In some ways, there is a very spiritual component to this song. David Nichtern, a songwriter (he wrote the Maria Muldaur hit "Midnight at the Oasis") and senior instructor in Shambhala Buddhism, explains that the phrase "shake it off" is repeated in a way similar to how mantras are used in group meditations, and that its message is in line with the samsaric Buddhist lineage. Says Nichtern: "When you come form a place of aggression, or clinging, or any of these kinds of things, it tends to create a kind of ripple that reproduces itself. That's called samsara in Buddhism – the world of cyclic existence – going around and around. And then one version of enlightenment is you're trying to get off that wheel, trying to stop doing those habitual patterns that just keep getting you into the same place over and over again.
So that's why I'm calling it a samsaric mantra: it's still within that world, but it's very, very penetrating. That's one version of a hit. It's like you're stuck with your passion, you're stuck with your aggression, but you've found a little loop of it somewhere. Shake it off, shake it off. Sonically that has a kick to it that's very definable." (here's the full David Nichtern Songfacts interview.)

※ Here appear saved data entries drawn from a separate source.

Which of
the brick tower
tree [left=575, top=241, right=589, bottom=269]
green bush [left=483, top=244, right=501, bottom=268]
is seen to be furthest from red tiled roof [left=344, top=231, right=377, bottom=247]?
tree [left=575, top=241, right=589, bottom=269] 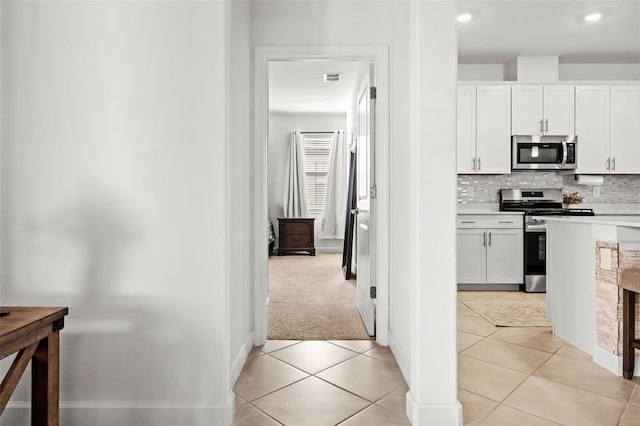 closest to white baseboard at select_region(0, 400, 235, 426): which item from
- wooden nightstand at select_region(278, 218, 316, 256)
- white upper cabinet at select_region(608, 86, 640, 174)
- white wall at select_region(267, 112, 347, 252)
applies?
white upper cabinet at select_region(608, 86, 640, 174)

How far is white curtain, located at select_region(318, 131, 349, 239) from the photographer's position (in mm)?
7605

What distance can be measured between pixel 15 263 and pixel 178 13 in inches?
50.1

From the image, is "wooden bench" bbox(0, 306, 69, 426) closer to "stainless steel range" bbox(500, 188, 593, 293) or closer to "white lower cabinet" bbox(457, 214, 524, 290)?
"white lower cabinet" bbox(457, 214, 524, 290)

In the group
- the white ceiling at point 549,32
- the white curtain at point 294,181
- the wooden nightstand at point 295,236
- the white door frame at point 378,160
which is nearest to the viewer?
the white door frame at point 378,160

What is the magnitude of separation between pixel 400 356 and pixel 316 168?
5.76 m

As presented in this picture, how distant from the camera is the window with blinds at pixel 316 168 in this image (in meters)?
7.73

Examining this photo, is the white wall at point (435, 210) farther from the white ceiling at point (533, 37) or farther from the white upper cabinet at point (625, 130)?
the white upper cabinet at point (625, 130)

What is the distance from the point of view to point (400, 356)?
2.32 meters

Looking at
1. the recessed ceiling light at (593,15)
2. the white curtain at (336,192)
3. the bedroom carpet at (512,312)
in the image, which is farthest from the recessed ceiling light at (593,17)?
the white curtain at (336,192)

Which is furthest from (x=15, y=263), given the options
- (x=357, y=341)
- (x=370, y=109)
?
(x=370, y=109)

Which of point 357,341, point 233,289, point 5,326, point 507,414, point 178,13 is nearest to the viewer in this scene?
point 5,326

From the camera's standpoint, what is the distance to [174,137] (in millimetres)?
1677

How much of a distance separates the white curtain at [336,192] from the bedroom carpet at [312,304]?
5.36 feet

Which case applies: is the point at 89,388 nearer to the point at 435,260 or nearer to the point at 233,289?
the point at 233,289
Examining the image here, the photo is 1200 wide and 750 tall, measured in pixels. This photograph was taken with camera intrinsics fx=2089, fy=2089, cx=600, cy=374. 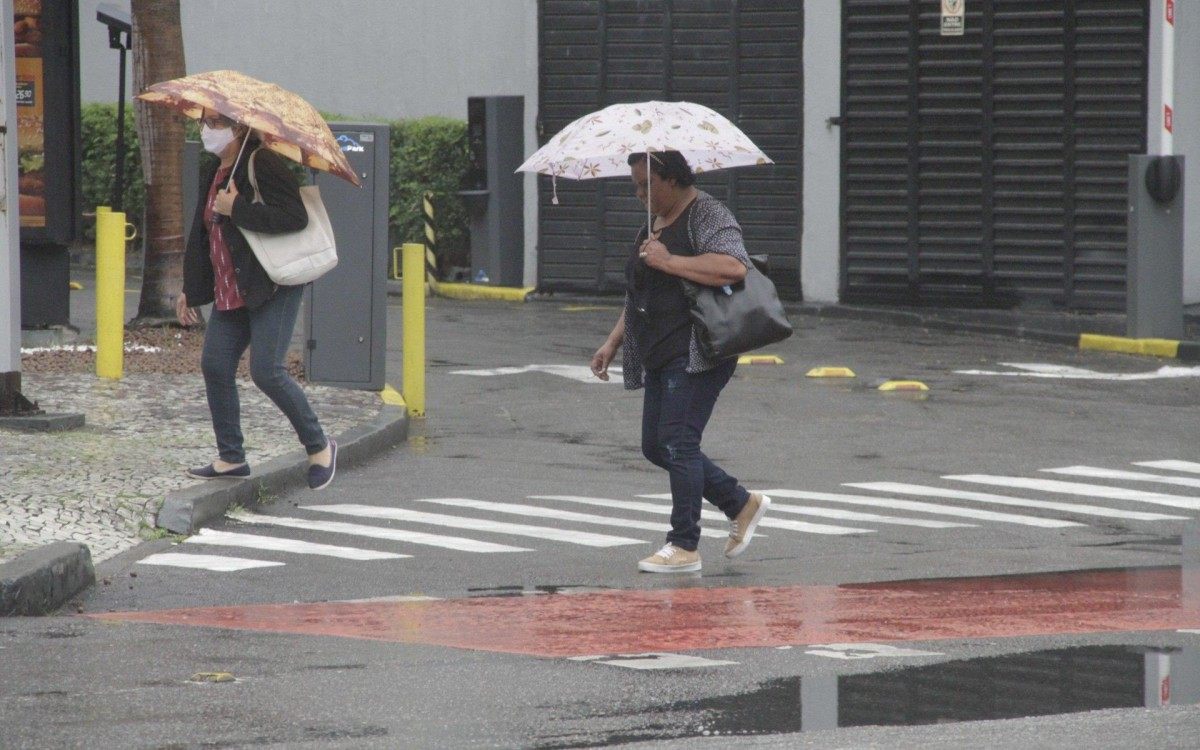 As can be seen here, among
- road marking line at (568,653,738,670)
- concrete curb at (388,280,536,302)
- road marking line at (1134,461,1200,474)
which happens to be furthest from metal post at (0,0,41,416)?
concrete curb at (388,280,536,302)

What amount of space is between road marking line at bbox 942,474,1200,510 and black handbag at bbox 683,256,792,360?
3.16m

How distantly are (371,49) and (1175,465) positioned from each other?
1705cm

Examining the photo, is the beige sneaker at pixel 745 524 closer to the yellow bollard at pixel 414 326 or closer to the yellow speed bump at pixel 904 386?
the yellow bollard at pixel 414 326

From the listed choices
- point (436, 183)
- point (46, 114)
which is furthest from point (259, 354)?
point (436, 183)

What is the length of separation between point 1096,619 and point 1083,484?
3.85 meters

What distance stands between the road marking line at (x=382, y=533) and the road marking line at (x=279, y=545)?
30 cm

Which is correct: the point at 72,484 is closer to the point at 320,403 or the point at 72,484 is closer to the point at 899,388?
the point at 320,403

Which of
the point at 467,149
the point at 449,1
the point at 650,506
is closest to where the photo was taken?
the point at 650,506

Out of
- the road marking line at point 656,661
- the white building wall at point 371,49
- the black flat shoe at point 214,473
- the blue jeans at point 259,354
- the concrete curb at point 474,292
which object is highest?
the white building wall at point 371,49

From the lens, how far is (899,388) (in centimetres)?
1530

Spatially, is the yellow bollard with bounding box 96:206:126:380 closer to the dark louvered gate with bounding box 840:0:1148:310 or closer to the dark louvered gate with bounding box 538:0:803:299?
the dark louvered gate with bounding box 538:0:803:299

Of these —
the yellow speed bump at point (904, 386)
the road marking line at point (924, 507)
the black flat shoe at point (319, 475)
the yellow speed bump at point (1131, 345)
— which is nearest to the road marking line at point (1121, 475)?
the road marking line at point (924, 507)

R&B singer Jesse Braham, whose stage name is Jesse Graham, has some bad blood against Swift. He filed a $42m lawsuit alleging that this song's chorus lifts words from his 2013 track "Haters Gone Hate." In addition to the financial compensation, Braham also demanded his name be added to the "Shake It Off" credits.
The dispute is focused around the chorus of Swift's song: "Cause the players gonna play, play, play, play, play. And the haters gonna hate, hate, hate, hate, hate." Graham claimed the hook is too similar to "Haters Gone Hate" which contains the phrase "Haters gonna hate, players gonna play."
Judge Gail Standish dismissed the lawsuit in Swift-style, saying in his closing statement: "At present, the Court is not saying that Braham can never, ever, ever get his case back in court. But, for now, we have got problems, and the Court is not sure Braham can solve them."
A couple of songwriters accused Taylor Swift of copyright infringement over the lyrics from this song. Sean Hall and Nathan Butler, who have previously worked with big names such as Justin Bieber, Pink and Maroon 5, said "Shake It Off" rips off their song "Playas Gon' Play," which was recorded by the popular American girl group 3LW and reached #81 on the Billboard Hot 100 in 2001.
The lyrics to "Playas Gon' Play" include:
Playas, they gonna play. And haters, they gonna hate Ballers, they gonna ball Shot callers, they gonna call
The lyrics of "Shake it Off" include:
Cause the players gonna play, play, play, play, play And the haters gonna hate, hate, hate, hate, hate Baby, I'm just gonna shake, shake, shake, shake, shake I shake it off, I shake it off
Taylor Swift's legal team moved to dismiss the copyright lawsuit, arguing in a motion dated January 3, 2018 that the phrase should be in the public domain. "There can be no copyright protection in 'playas, they gonna play and haters, they gonna hate,' because it would impermissibly monopolize the idea that players will play and haters will hate," they wrote.
Taylor Swift shook off the lawsuit six weeks later. On February 13, 2018, U.S. District Judge Michael Fitzgerald ruled that the phrase was too commonplace at the time to be a copy-protected original creative part of the song.
"The lynchpin of this entire case is thus whether or not the lyrics 'Playas, they gonna play. And haters, they gonna hate' are eligible for protection under the Copyright Act," he wrote in his ruling. "By 2001, American popular culture was heavily steeped in the concepts of players, haters, and player haters to render the phrases 'playas… gonna play' or 'haters… gonna hate', standing on their own, no more creative than 'runners gonna run', 'drummers gonna drum', or 'swimmers gonna swim.' The concept of actors acting in accordance with their essential nature is not at all creative; it is banal."